I mentioned that kNN does not make any assumptions about the distribution of data. Let's build our first classifier without any preprocessing. We will only use 3 columns as features: culmen length and depth, flipper length and BMI:

In [29]:
# Create features and target
X = penguins.select_dtypes(exclude=['object'])
y = penguins.species

# Create training and test sets
X_train, X_test, y_train, y_test = train_test_split(X, y, test_size=.3, random_state=4)

# Initialize a model with 5 neighbors
knn = KNeighborsClassifier(n_neighbors=3)

# Fit and predict
knn.fit(X_train, y_train)

predictions = knn.predict(X_test)

For simplicity, I chose only numerical columns. Created a test prediction with size 0.25 and fit a classifier with 3 neighbors. Let's calculate its accuracy using `accuracy_score`:

In [30]:
accuracy_score(y_test, predictions)

0.7722772277227723

We get 77% accuracy which is not ideal but a pretty good score for an out-of-the-box model.

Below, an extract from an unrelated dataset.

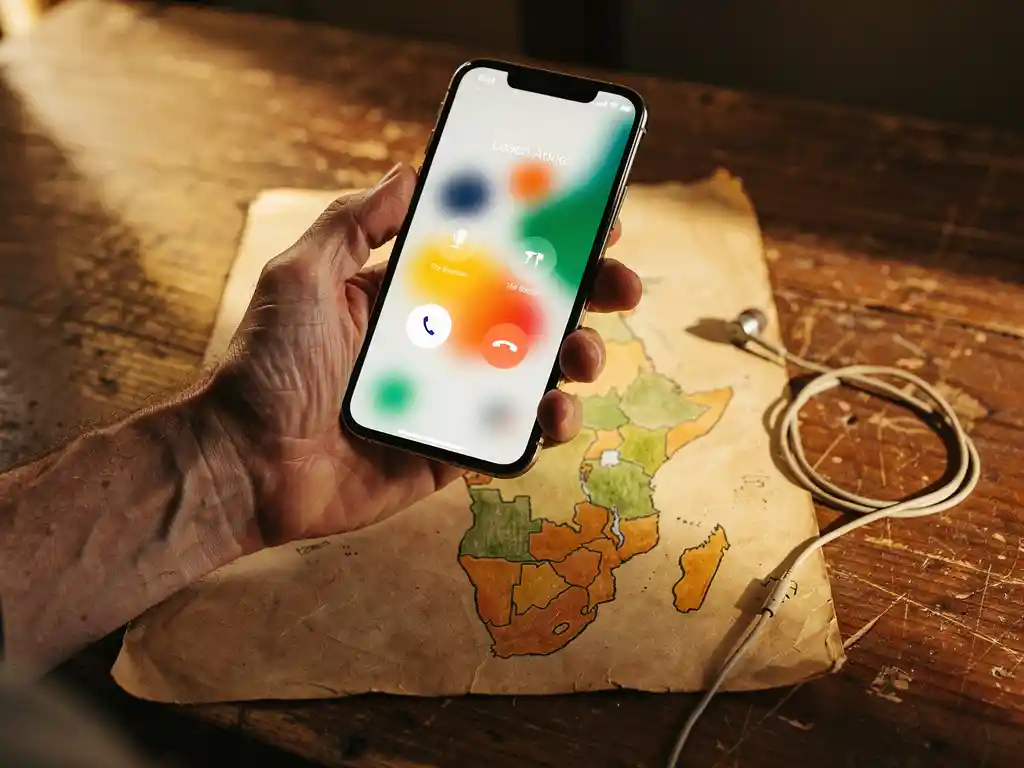 Weathered hand holding a smartphone on an active call over a hand-drawn map of Africa, with a coiled earphone on a worn wooden surface.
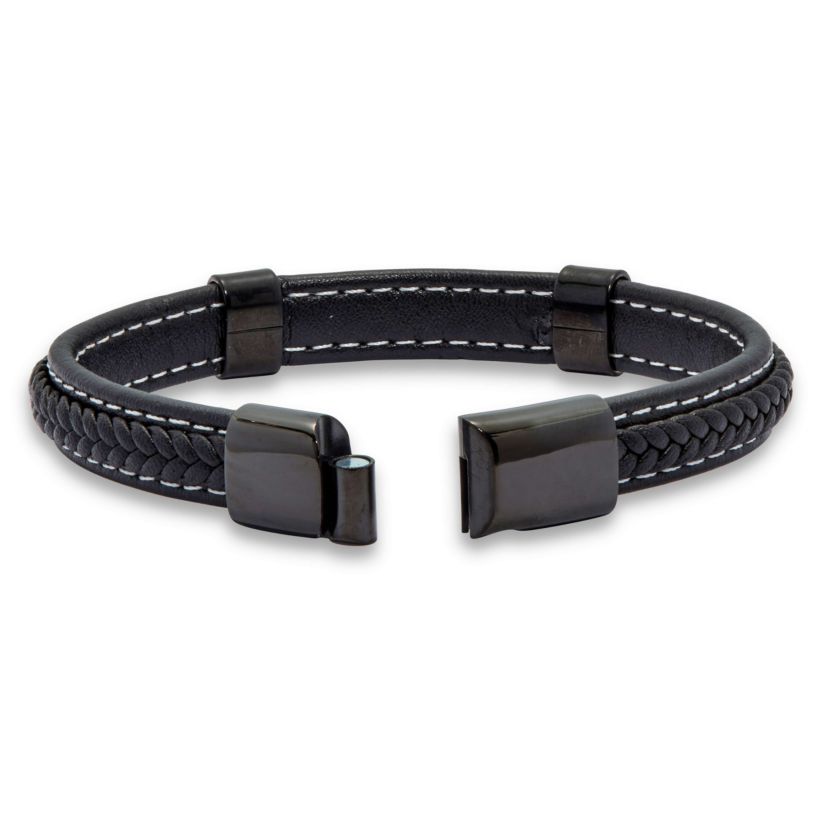Mens Natural Black Onyx Black Ruthenium-Plated Magnetic Bracelet 9-inch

### Regression With KNeighborsRegressor

In a regression task, which predicts continuous values (not labels), kNN takes the mean of the nearest *k* neighbors. The regressor is readily-available from `sklearn.neighbors.KNeighborsRegressor`:

In [31]:
from sklearn.neighbors import KNeighborsRegressor
from sklearn.metrics import mean_absolute_error

We import it with `mean_absolute_error` to score its accuracy. This time, we will try to predict Body Mass Index of the penguins using their 3 body measurements (again, only numeric features without preprocessing):

In [40]:
# Create features and target
X = penguins.select_dtypes(exclude=['object']).drop('body_mass_g', axis=1)
y = penguins.body_mass_g

# Train and test sets
X_train, X_test, y_train, y_test = train_test_split(X, y, test_size=.3, random_state=4)

# Initialize kNN
knn = KNeighborsRegressor(n_neighbors=5)

# Fit and predict
knn.fit(X_train, y_train)

predictions = knn.predict(X_test)

# Score
mean_absolute_error(y_test, predictions)

282.1782178217822

Setting the number of neighbors to 5 yielded an MAE of 282. For now, we don't really have a way of knowing whether this a good score or not.